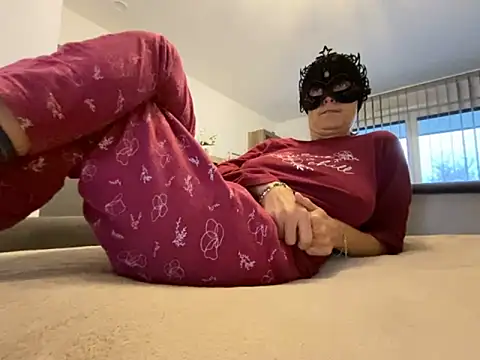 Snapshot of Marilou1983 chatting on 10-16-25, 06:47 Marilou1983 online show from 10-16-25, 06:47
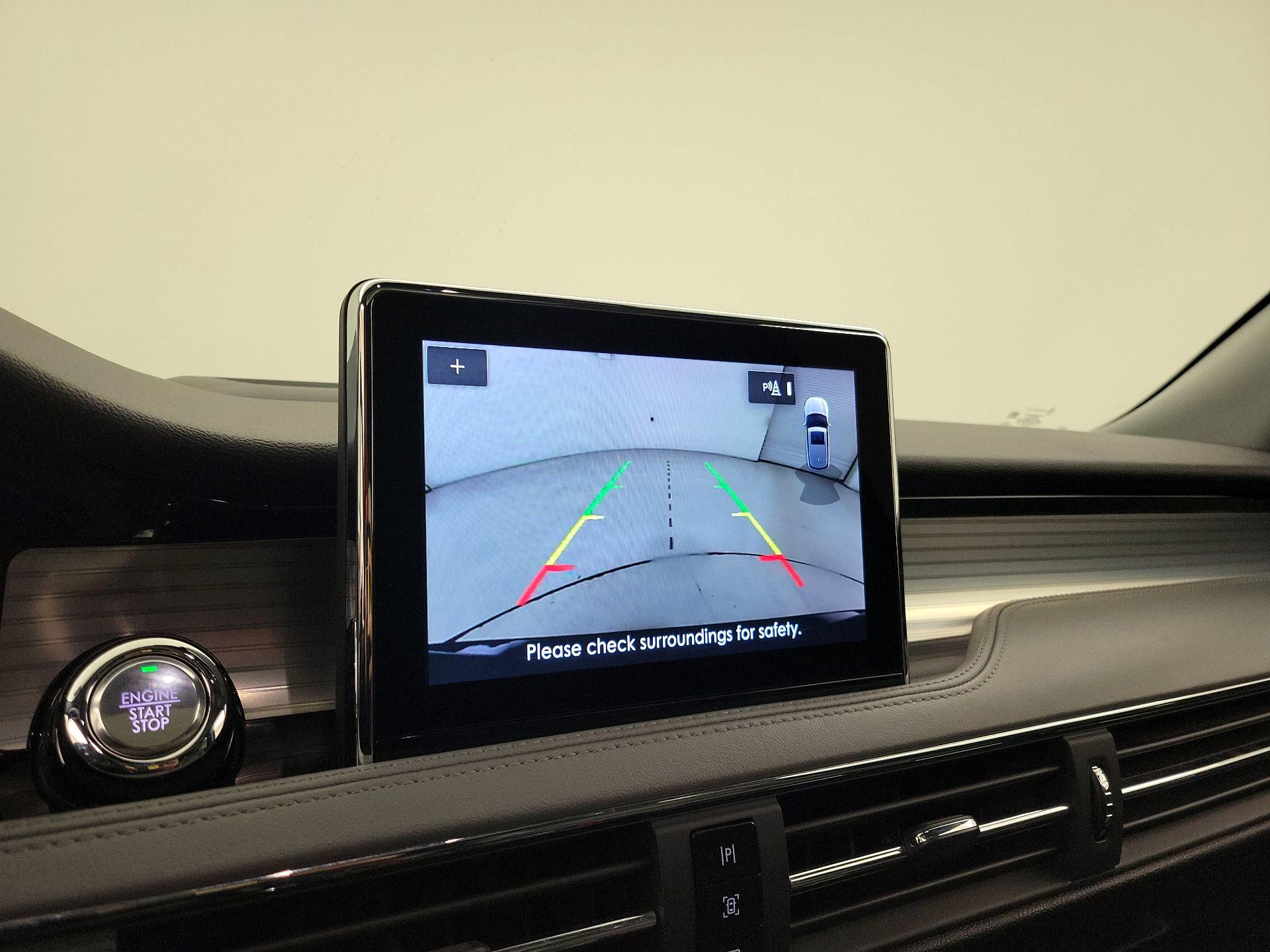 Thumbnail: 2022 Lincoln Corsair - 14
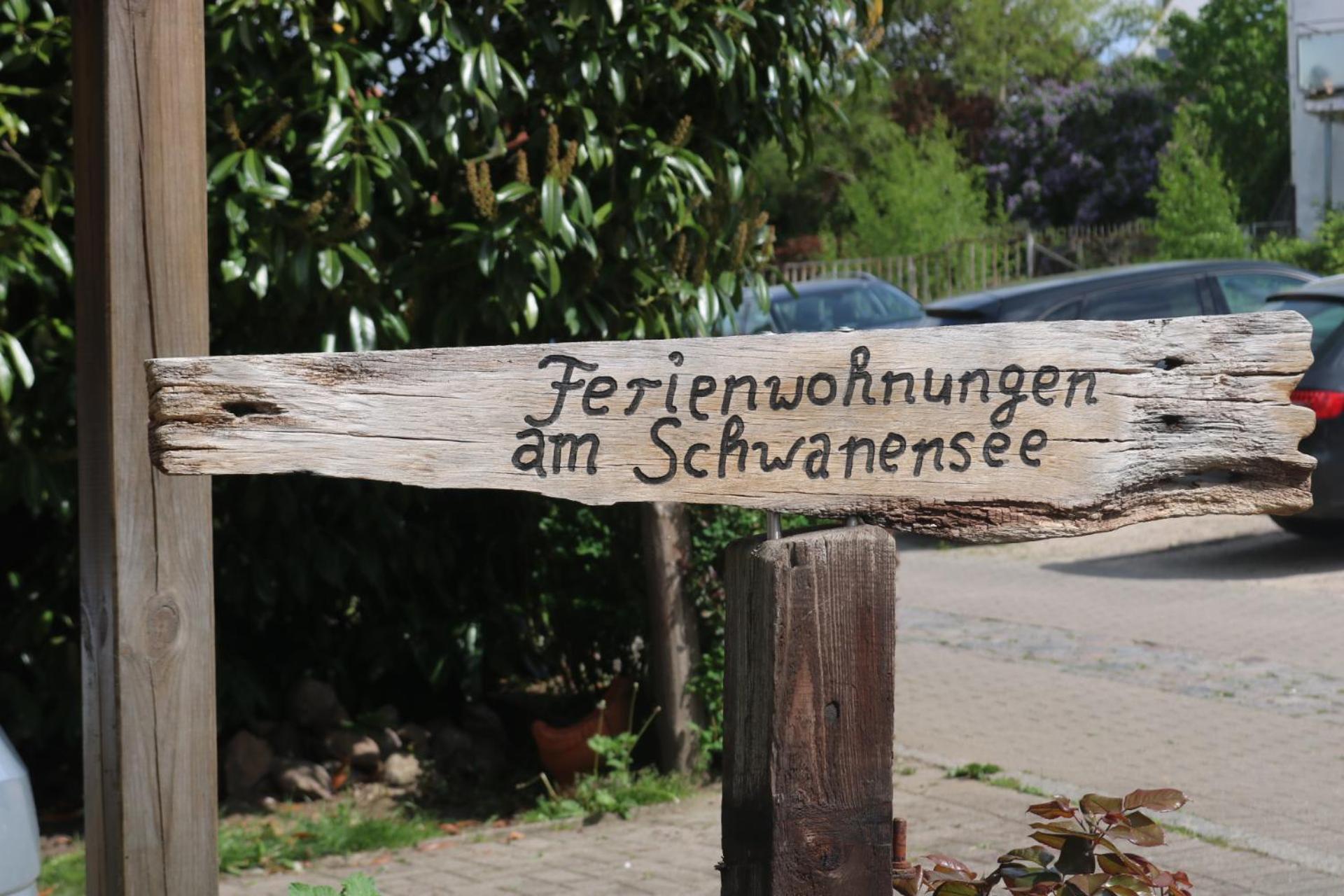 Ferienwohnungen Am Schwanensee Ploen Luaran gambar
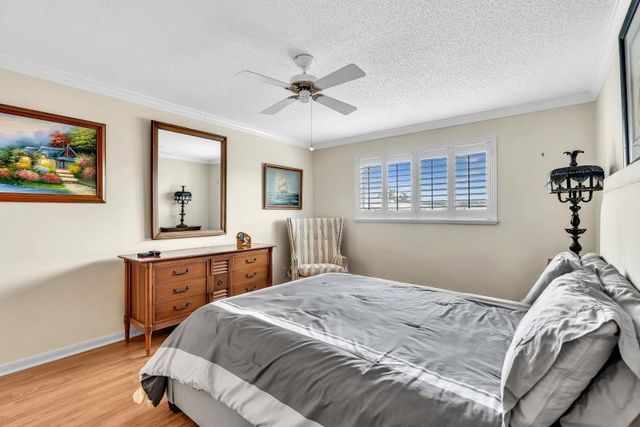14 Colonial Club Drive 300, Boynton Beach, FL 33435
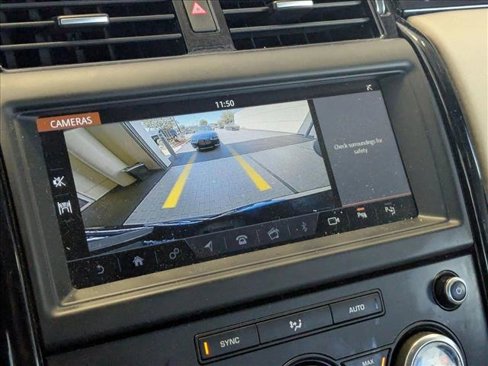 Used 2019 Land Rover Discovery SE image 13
● ● ●
The lines above should be transcribed exactly, with every image removed.

* Result of this exercise
 Snapshot of Marilou1983 chatting on 10-16-25, 06:47 Marilou1983 online show from 10-16-25, 06:47
 Thumbnail: 2022 Lincoln Corsair - 14
 Ferienwohnungen Am Schwanensee Ploen Luaran gambar
14 Colonial Club Drive 300, Boynton Beach, FL 33435
 Used 2019 Land Rover Discovery SE image 13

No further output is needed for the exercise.